Stored data:
'''

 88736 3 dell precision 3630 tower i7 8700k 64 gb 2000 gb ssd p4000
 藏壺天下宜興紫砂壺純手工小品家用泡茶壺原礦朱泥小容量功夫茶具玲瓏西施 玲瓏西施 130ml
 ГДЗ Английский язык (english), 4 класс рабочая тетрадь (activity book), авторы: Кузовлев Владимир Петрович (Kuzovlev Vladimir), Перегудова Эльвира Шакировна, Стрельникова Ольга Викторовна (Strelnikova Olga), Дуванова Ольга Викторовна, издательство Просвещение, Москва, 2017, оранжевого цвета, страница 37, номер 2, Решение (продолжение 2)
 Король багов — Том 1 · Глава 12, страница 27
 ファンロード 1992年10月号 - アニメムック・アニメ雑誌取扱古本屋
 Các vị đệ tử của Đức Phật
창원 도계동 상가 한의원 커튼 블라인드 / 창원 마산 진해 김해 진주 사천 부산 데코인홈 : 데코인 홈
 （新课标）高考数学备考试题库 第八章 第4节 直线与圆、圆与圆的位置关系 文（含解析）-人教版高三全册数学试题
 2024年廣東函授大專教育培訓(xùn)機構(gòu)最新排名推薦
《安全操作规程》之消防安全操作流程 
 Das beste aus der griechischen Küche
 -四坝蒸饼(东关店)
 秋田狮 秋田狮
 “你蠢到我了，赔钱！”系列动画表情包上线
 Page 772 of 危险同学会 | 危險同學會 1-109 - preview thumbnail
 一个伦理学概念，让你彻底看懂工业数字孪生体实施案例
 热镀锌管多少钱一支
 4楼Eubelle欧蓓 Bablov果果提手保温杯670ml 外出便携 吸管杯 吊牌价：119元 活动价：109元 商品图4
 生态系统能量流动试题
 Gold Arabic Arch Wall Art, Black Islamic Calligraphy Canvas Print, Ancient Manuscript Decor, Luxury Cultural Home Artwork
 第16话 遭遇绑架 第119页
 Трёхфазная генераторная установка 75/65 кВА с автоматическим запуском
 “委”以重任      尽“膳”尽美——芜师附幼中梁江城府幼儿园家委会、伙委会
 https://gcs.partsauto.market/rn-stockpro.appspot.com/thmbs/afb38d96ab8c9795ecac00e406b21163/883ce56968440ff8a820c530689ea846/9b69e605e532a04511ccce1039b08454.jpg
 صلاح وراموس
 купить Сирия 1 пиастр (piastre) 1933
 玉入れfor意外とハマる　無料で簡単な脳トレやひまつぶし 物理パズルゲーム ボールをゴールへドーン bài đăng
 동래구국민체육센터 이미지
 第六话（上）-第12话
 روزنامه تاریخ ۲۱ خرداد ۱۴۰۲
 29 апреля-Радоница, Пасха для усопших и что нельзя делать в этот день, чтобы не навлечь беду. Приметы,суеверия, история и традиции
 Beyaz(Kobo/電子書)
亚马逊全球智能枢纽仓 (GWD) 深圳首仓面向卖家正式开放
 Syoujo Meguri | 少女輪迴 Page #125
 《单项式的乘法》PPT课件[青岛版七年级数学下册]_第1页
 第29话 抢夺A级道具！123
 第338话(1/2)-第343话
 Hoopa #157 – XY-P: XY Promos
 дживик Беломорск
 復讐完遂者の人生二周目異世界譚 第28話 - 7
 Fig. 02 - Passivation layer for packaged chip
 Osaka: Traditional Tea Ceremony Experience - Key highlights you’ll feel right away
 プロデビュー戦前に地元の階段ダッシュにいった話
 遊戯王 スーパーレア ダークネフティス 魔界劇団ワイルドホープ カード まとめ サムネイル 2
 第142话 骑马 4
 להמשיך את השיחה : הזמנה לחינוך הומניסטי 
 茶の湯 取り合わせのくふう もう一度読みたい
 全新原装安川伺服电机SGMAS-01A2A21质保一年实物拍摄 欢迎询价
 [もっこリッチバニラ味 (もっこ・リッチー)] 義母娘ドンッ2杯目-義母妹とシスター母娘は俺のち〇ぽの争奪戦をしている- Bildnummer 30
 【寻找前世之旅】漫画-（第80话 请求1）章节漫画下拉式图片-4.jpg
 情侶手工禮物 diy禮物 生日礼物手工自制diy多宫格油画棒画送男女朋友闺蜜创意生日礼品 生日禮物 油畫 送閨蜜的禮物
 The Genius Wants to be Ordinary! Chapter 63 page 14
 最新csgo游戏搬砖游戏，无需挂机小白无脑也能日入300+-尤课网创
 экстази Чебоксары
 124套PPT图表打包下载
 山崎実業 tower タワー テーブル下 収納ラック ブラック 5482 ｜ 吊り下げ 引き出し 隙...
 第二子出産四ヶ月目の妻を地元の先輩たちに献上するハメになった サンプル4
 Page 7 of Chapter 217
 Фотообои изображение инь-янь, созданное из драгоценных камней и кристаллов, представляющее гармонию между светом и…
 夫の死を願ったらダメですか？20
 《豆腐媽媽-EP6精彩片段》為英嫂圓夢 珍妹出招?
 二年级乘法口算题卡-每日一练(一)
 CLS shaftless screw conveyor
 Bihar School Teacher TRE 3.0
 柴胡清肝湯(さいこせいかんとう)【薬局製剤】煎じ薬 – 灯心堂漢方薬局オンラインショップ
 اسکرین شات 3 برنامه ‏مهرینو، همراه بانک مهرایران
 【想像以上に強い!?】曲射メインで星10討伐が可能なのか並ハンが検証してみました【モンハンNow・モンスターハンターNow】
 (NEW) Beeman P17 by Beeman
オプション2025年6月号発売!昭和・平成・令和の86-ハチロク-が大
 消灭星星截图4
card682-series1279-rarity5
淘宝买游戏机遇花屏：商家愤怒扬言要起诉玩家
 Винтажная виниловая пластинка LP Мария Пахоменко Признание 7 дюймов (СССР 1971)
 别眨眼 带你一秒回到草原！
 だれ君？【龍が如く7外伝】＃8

'''

Required action: Transcribe the records above exactly, beginning at the line that contains "遊戯王 スーパーレア ダークネフティス" and ending with the line that contains "124套PPT图表打包下载", both included, and nothing else.

Result of this exercise:
 遊戯王 スーパーレア ダークネフティス 魔界劇団ワイルドホープ カード まとめ サムネイル 2
 第142话 骑马 4
 להמשיך את השיחה : הזמנה לחינוך הומניסטי 
 茶の湯 取り合わせのくふう もう一度読みたい
 全新原装安川伺服电机SGMAS-01A2A21质保一年实物拍摄 欢迎询价
 [もっこリッチバニラ味 (もっこ・リッチー)] 義母娘ドンッ2杯目-義母妹とシスター母娘は俺のち〇ぽの争奪戦をしている- Bildnummer 30
 【寻找前世之旅】漫画-（第80话 请求1）章节漫画下拉式图片-4.jpg
 情侶手工禮物 diy禮物 生日礼物手工自制diy多宫格油画棒画送男女朋友闺蜜创意生日礼品 生日禮物 油畫 送閨蜜的禮物
 The Genius Wants to be Ordinary! Chapter 63 page 14
 最新csgo游戏搬砖游戏，无需挂机小白无脑也能日入300+-尤课网创
 экстази Чебоксары
 124套PPT图表打包下载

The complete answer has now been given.